So, in Greek Mythology there's this guy Sisyphus who thinks himself smarter than the god Zeus and for his punishment he is given the task of pushing a boulder up a hill and at the last minute the boulder rolls back down and he has to start again. Forever. I think I've felt like that about my weight. But I'm going to keep going till I get that damn boulder over that hill. Right now the hill is 20 pounds. I will get there.
Today was fine. Boring actually. No earth-shattering revelations or decisions. And not much work. But I am fighting a cold/allergies and that was the excuse I used to NOT get up and out of bed to walk this morning. *sigh* But I did stay in my points. And ate good food. And I will not beat myself up for it. Just being real.
I always feel good when I walk, but I have to get myself up in the morning to do that. Habits. ...
I tried the Smart Ones Quesadilla tonight.

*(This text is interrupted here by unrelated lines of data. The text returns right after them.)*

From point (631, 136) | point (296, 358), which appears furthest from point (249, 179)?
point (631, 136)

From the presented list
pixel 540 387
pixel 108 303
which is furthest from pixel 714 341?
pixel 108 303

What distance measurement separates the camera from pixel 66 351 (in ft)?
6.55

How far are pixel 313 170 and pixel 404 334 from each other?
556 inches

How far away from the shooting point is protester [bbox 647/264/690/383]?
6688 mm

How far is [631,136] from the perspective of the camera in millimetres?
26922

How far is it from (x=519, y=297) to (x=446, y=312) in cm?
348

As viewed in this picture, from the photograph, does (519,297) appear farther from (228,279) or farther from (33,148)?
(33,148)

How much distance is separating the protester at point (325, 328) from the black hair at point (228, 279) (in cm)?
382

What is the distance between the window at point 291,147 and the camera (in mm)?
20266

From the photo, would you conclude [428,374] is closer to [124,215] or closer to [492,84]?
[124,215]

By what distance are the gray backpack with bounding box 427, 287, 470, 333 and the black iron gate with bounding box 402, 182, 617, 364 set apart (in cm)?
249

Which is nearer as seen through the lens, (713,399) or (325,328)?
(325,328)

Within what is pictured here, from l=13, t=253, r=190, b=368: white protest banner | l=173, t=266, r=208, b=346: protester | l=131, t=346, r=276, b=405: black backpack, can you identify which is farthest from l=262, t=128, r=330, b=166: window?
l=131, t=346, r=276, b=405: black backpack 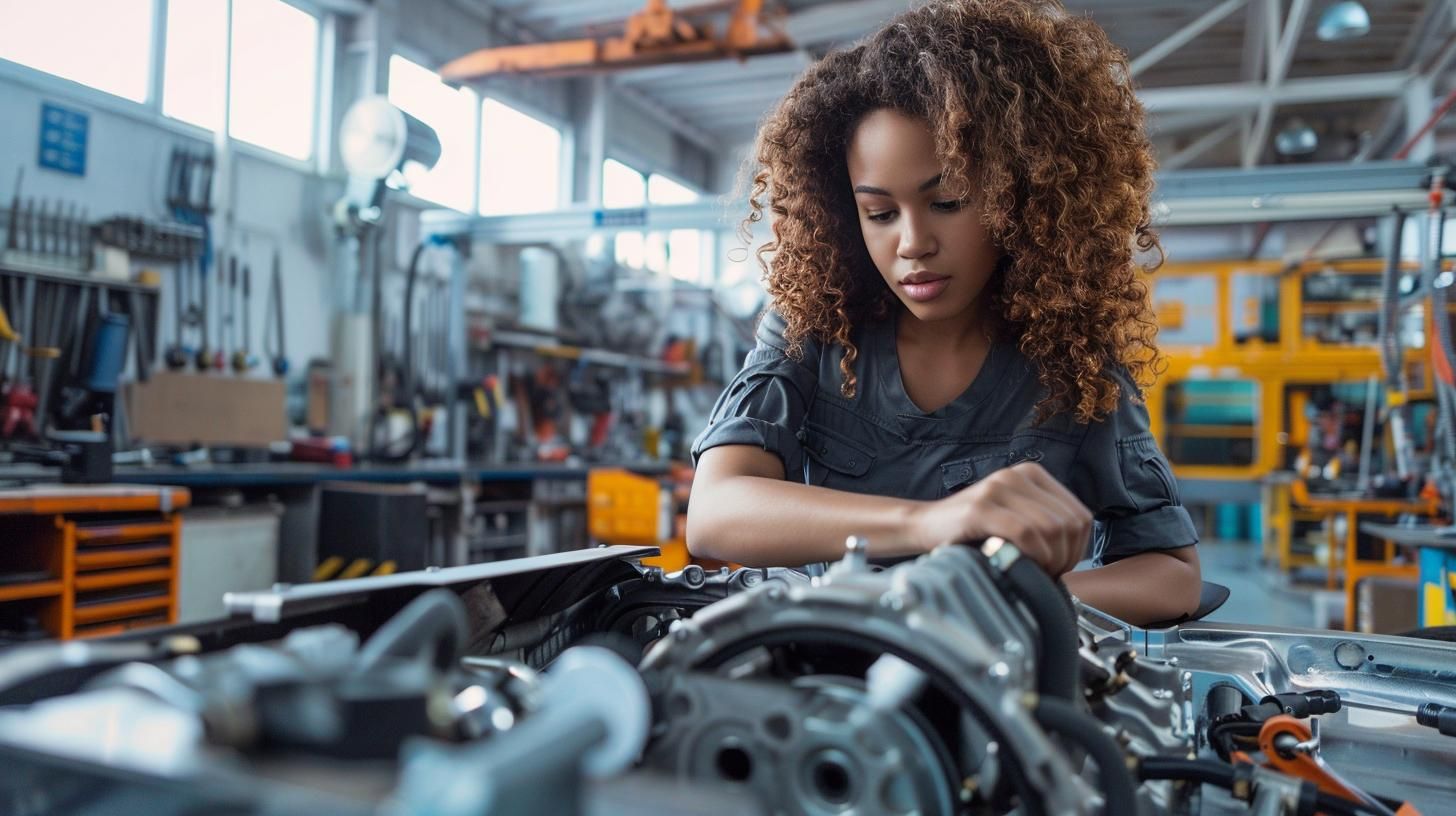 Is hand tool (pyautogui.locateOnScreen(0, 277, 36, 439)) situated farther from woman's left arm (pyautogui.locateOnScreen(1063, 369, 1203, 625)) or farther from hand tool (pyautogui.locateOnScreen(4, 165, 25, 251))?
woman's left arm (pyautogui.locateOnScreen(1063, 369, 1203, 625))

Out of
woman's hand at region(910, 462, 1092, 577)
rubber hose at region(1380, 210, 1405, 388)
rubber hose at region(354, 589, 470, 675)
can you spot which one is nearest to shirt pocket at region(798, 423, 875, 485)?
woman's hand at region(910, 462, 1092, 577)

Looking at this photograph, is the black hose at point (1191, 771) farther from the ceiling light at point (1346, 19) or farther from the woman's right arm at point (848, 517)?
the ceiling light at point (1346, 19)

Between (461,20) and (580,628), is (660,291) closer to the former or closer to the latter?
(461,20)

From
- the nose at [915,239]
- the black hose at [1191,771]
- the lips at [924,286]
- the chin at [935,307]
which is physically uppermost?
the nose at [915,239]

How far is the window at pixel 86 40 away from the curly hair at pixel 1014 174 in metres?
3.91

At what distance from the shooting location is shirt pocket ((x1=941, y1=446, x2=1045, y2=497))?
115cm

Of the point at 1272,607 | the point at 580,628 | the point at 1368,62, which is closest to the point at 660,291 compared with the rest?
the point at 1272,607

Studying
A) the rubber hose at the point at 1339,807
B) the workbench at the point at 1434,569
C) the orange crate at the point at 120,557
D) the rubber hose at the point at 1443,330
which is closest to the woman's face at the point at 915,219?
the rubber hose at the point at 1339,807

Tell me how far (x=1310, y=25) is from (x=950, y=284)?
25.2ft

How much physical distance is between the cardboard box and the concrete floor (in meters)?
4.01

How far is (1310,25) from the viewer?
7.18 m

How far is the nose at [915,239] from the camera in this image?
3.34 feet

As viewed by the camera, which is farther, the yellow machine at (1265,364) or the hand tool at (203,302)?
the yellow machine at (1265,364)

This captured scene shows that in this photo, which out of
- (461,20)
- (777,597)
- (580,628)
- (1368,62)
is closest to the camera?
(777,597) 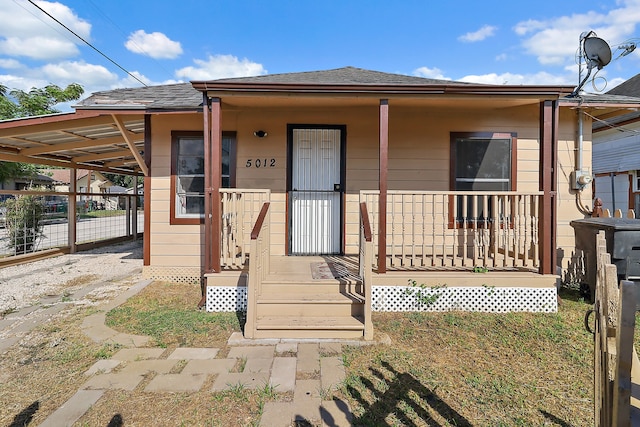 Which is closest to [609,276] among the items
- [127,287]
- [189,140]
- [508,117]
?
[508,117]

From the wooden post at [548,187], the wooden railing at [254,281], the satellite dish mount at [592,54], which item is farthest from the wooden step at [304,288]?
the satellite dish mount at [592,54]

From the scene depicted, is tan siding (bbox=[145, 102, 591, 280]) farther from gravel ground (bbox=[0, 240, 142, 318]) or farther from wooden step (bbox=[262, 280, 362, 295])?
gravel ground (bbox=[0, 240, 142, 318])

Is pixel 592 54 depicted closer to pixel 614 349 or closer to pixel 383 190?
pixel 383 190

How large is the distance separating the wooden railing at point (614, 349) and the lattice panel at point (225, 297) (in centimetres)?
337

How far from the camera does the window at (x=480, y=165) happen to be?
5227 mm

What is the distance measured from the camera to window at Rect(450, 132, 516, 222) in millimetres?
5227

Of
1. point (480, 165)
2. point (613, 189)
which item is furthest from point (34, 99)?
point (613, 189)

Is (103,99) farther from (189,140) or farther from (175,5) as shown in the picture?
(175,5)

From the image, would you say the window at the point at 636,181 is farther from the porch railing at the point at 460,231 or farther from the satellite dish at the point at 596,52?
the porch railing at the point at 460,231

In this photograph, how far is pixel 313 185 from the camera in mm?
5316

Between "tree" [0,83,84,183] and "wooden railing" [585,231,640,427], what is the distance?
1443cm

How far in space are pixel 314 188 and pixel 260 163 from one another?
0.93m

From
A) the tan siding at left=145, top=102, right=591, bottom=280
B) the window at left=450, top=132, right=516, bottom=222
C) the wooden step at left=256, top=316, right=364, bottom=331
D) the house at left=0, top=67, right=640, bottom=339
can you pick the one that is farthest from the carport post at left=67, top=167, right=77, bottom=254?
the window at left=450, top=132, right=516, bottom=222

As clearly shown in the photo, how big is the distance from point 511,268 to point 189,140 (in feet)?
16.5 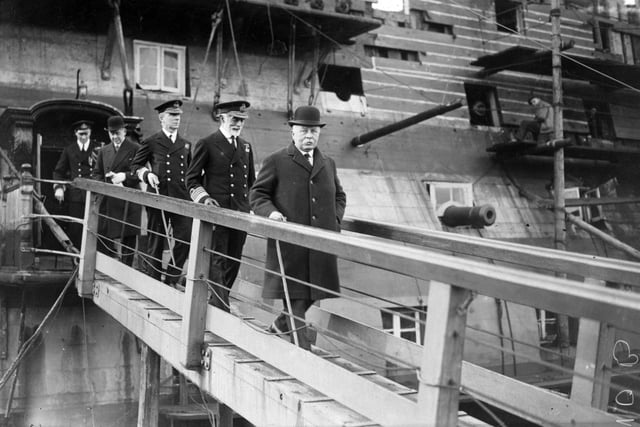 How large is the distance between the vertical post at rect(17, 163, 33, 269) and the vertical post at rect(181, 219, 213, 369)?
16.4 ft

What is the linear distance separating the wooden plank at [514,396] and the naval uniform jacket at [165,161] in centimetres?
328

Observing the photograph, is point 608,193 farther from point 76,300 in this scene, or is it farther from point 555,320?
point 76,300

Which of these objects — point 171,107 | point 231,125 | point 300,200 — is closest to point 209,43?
point 171,107

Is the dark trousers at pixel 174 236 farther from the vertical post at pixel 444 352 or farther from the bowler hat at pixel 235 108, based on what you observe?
the vertical post at pixel 444 352

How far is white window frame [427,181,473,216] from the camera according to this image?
15.0m

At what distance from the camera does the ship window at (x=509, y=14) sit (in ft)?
59.7

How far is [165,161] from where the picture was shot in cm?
723

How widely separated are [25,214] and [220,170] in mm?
3933

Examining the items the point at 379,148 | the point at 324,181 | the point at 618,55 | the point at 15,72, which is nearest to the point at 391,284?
the point at 379,148

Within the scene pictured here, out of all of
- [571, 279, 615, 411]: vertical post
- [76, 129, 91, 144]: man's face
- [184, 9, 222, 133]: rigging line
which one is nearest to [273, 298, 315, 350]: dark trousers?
[571, 279, 615, 411]: vertical post

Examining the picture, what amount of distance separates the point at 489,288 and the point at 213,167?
13.7 feet

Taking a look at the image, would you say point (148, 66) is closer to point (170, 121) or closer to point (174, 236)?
point (170, 121)

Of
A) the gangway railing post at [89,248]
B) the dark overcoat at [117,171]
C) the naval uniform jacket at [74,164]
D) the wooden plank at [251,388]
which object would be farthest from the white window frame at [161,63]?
the wooden plank at [251,388]

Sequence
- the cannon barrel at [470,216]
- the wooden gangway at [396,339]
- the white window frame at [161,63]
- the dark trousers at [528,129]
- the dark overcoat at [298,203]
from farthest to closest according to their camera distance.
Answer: the dark trousers at [528,129] → the cannon barrel at [470,216] → the white window frame at [161,63] → the dark overcoat at [298,203] → the wooden gangway at [396,339] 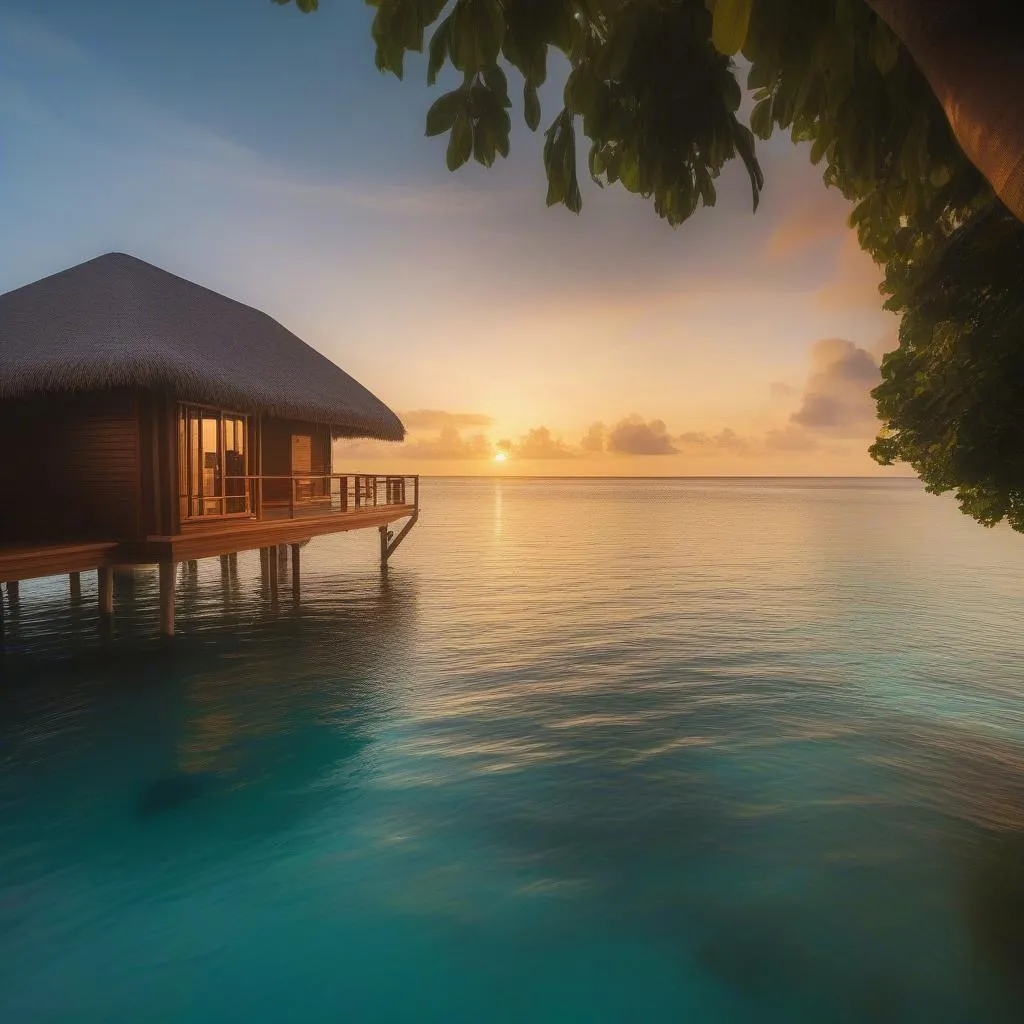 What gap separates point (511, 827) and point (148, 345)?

They were very good. I had a salad and the quesadillas and water. And now I'm figuring out what I want for dessert. Because I want something sweet and because I still have the points.
The rest of the day I pretty much had what I've been having. Yogurt, sandwich, carrots, diet soda. I can pretty much eat the same food for a while. I'm weird like that. But I find comfort in knowing that I'll not be going over my points. And THAT can be a habit.
One day. One pound. One step/boulder at a time.